* [THE DATA]
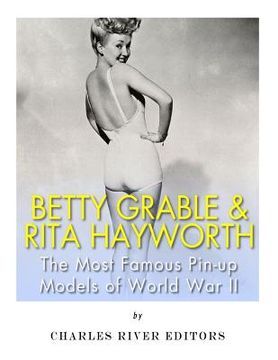 portada Betty Grable & Rita Hayworth: The Most Famous Pin-Up Models of World War II (en Inglés)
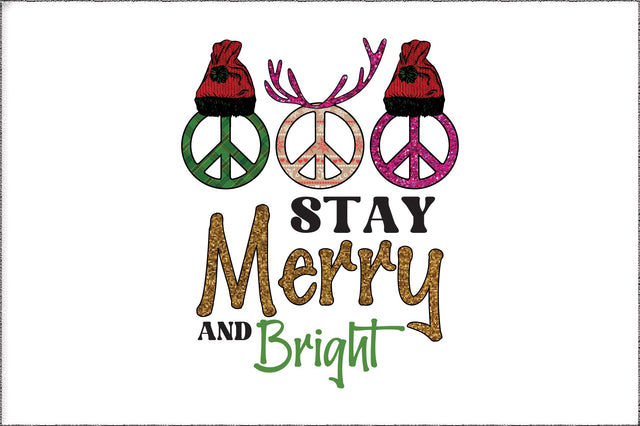 Stay Merry and Bright Sublimation Sublimation Jagonath Roy 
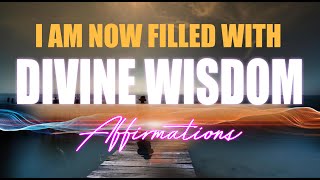 Become Filled with Divine Wisdom & Guidance AFFIRMATIONS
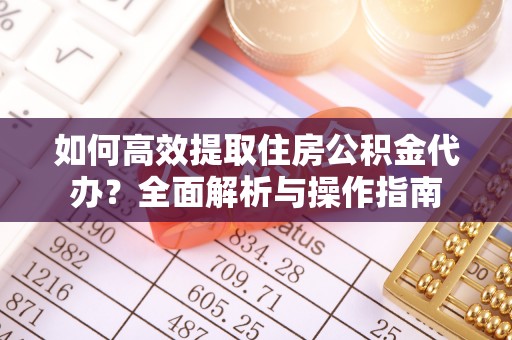 宏伟如何高效提取住房公积金代办？全面解析与操作指南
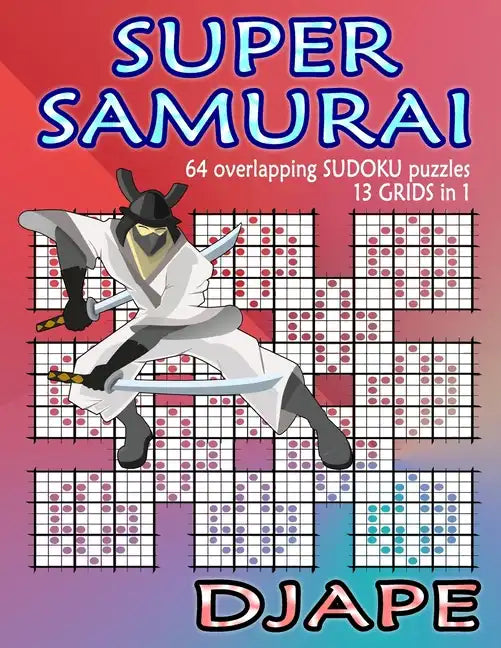 Super Samurai Sudoku: 64 overlapping puzzles, 13 grids in 1! - Paperback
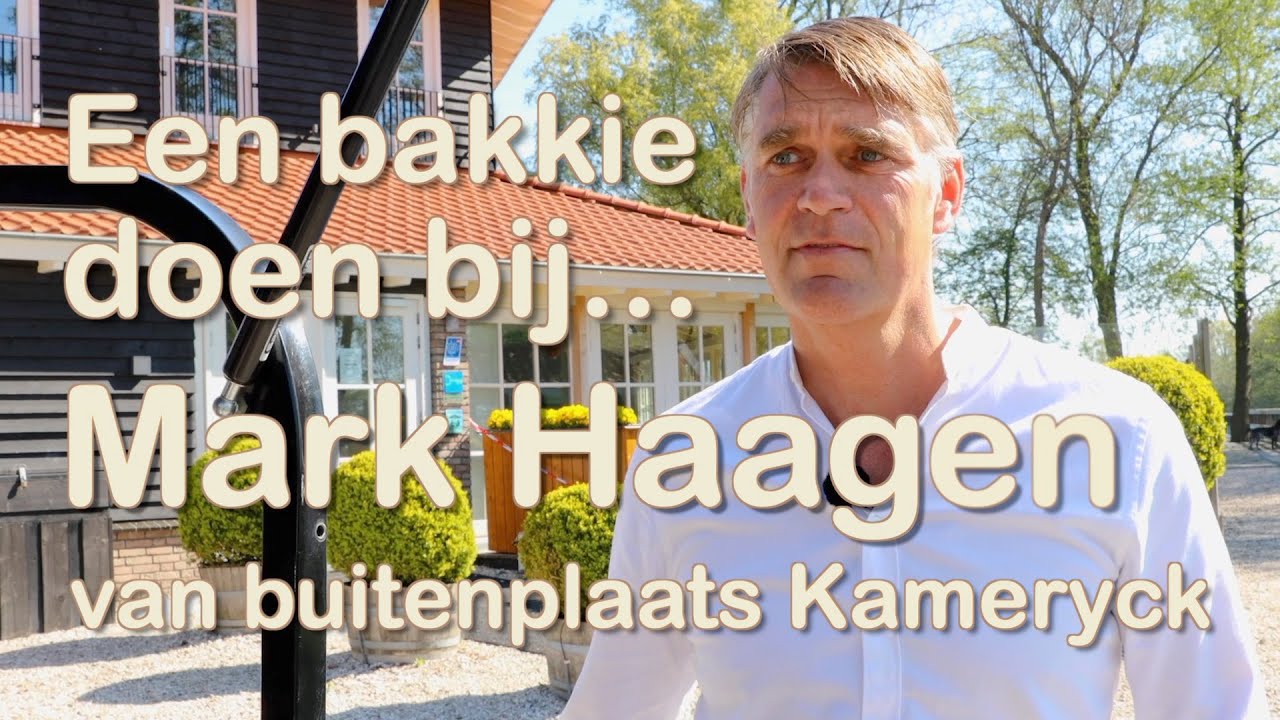 Een bakkie doen bij Mark Haagen van Kameryck
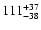 $\rm 111^{+37}_{-38}$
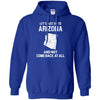 ARIZONA T Shirts Hoodie  Lets Just Go To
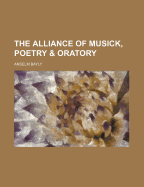 The Alliance of Musick, Poetry & Oratory - Bayly, Anselm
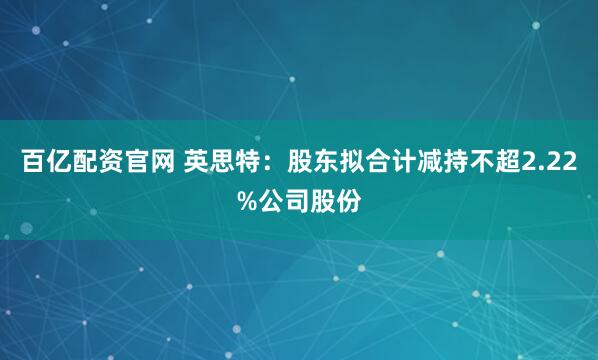 百亿配资官网 英思特：股东拟合计减持不超2.22%公司股份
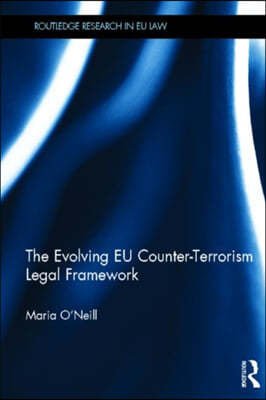 Evolving EU Counter-terrorism Legal Framework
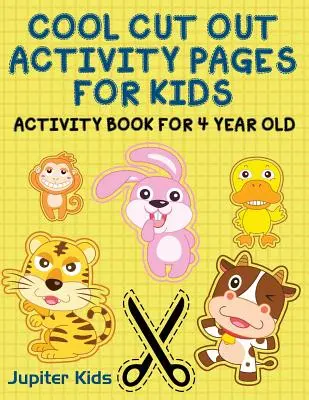 Pagini de activități cool de decupat pentru copii: Carte de activități pentru copii de 4 ani - Cool Cut Out Activity Pages For Kids: Activity Book For 4 Year Old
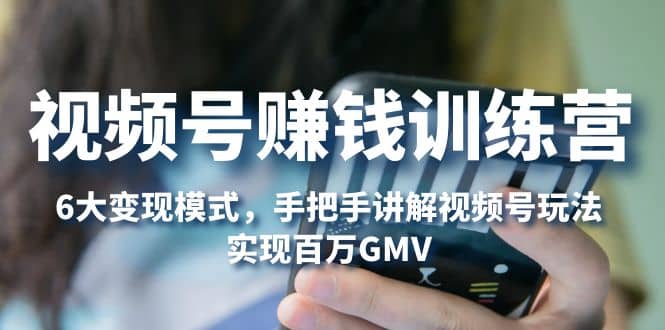视频号赚钱训练营：6大变现模式，对平台的各项功能详细讲解，实现百万GMV-让一部分人先富起来默财 创业网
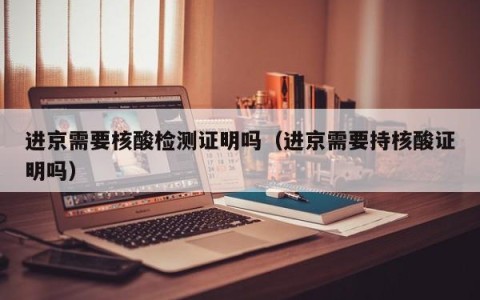 进京需要核酸检测证明吗（进京需要持核酸证明吗）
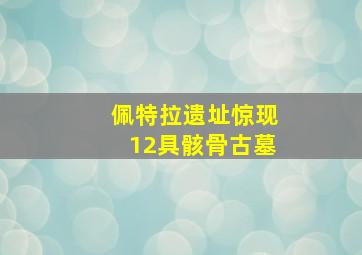 佩特拉遗址惊现12具骸骨古墓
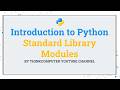 Introduction to Python Standard Library Modules | ThinkComputer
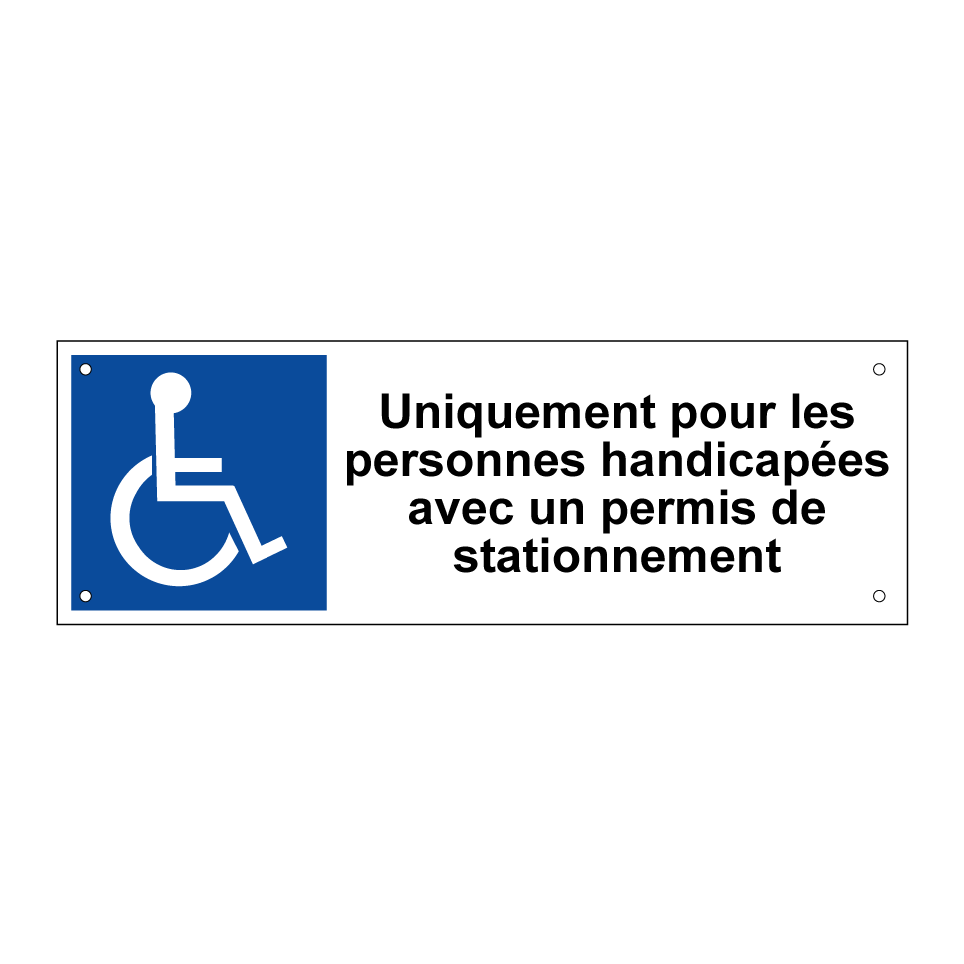 Uniquement pour les personnes handicapées avec un permis de stationnement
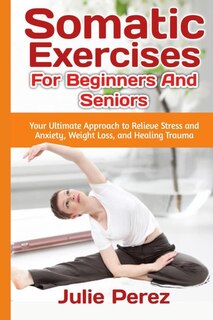 Front cover_Somatic Exercises for Beginners and Seniors
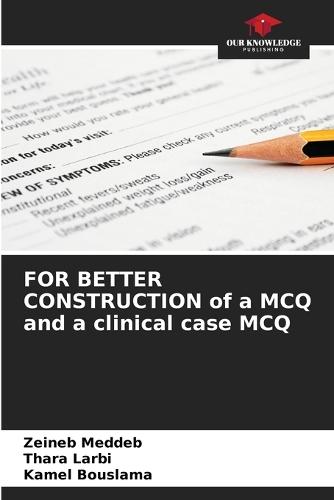 FOR BETTER CONSTRUCTION of a MCQ and a clinical case MCQ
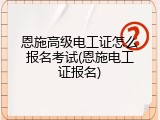 恩施高级电工证怎么报名考试(恩施电工证报名)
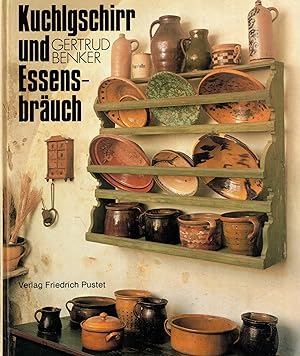 Seller image for Kuchlgschirr und Essensbruch (Oberpflzer Kostbarkeiten) for sale by Paderbuch e.Kfm. Inh. Ralf R. Eichmann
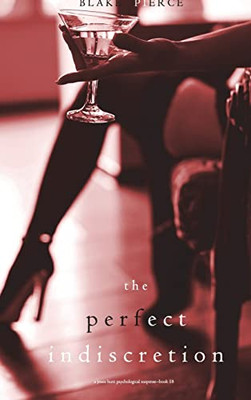 The Perfect Indiscretion (A Jessie Hunt Psychological Suspense Thriller-Book Eighteen) - 9781094375694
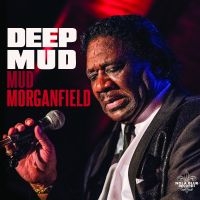 Mud Morganfield - Deep Mud in the group OUR PICKS / Friday Releases / 2025-09-26 at Bengans Skivbutik AB (5640180)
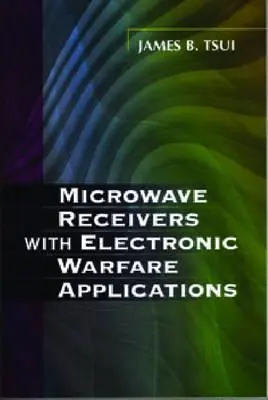 Receptoare cu microunde cu aplicații în domeniul războiului electronic (Microwave Receivers with Electronic Warfare Applications) - Microwave Receivers with Electronic Warfare Applications
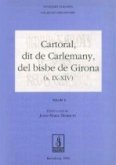 Cartoral, dit de Carlemany, del Bisbe de Girona : (s. IX-XIV). Cartoral, dit de Carlemany, del Bisbe de Girona : (s. IX-XIV).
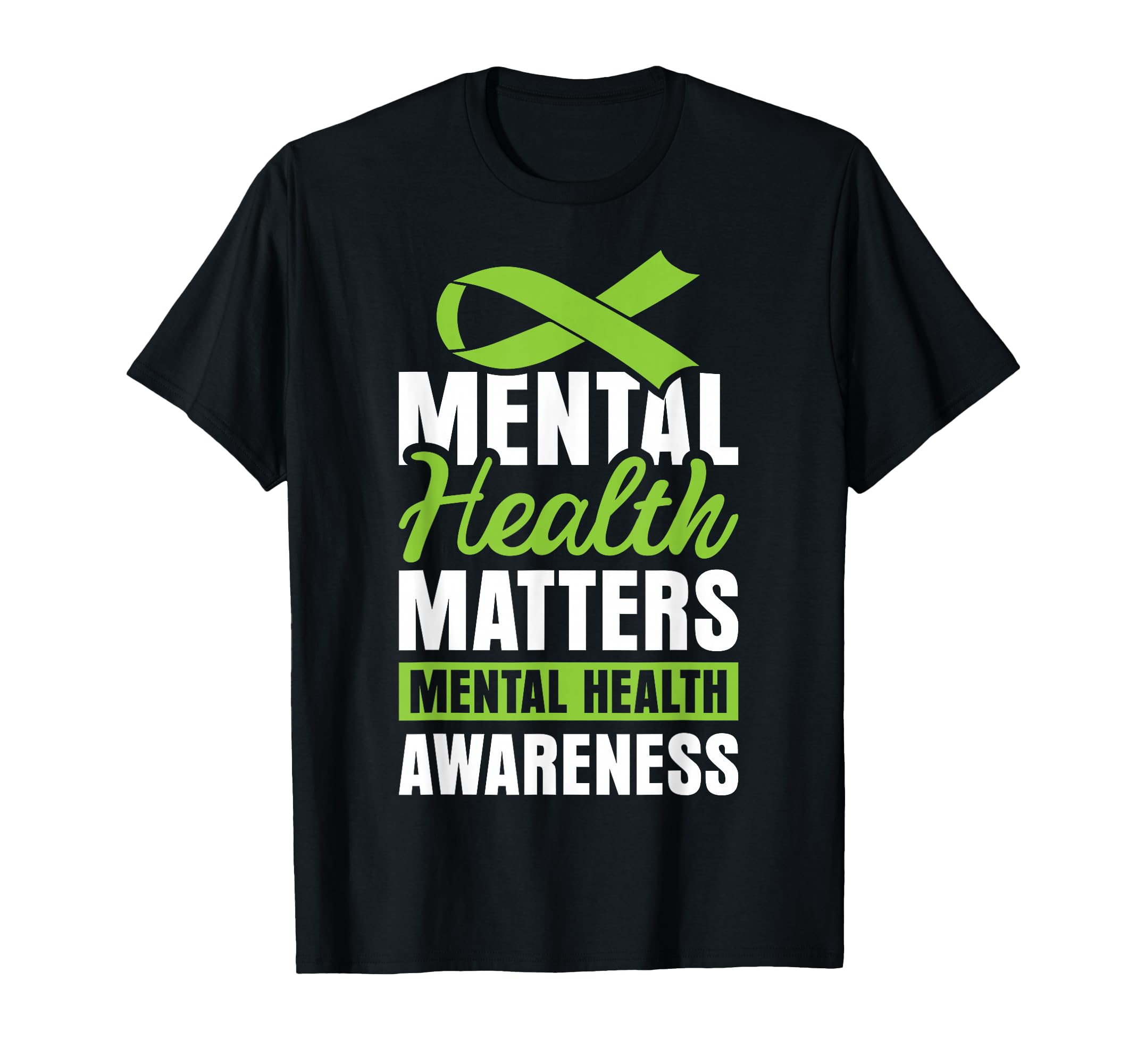 Mental Health Matters Mental Health T-Shirt - Unique Graphic Men Women - T-Shirt, Sweatshirt, Hoodie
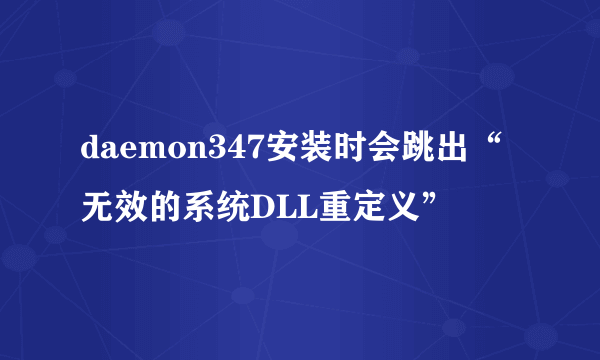 daemon347安装时会跳出“无效的系统DLL重定义”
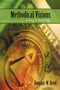 Methodical Visions : Seeing Is Believing by W Reed Dominic W Reed - Paperback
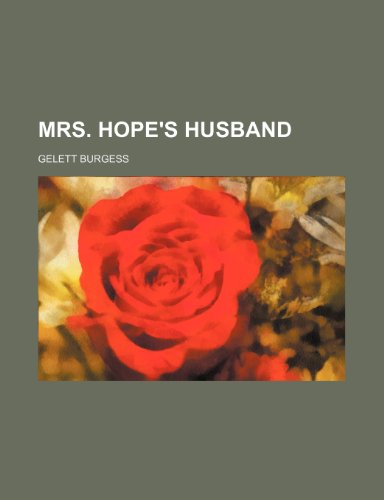 Mrs. Hope's Husband (9781151358448) by Burgess, Gelett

* [EXERCISE AIM] Above are the records; copy from them only the lines starting at the one containing "恩施高级电工证怎么报名考试(恩施电工证报名)" and ending at the one containing "The Perfect Indiscretion", exactly and without pictures.

* [ANSWER]
 恩施高级电工证怎么报名考试(恩施电工证报名)
 Seller image for Kuchlgschirr und Essensbruch (Oberpflzer Kostbarkeiten) for sale by Paderbuch e.Kfm. Inh. Ralf R. Eichmann
 The Perfect Indiscretion (A Jessie Hunt Psychological Suspense Thriller-Book Eighteen) - 9781094375694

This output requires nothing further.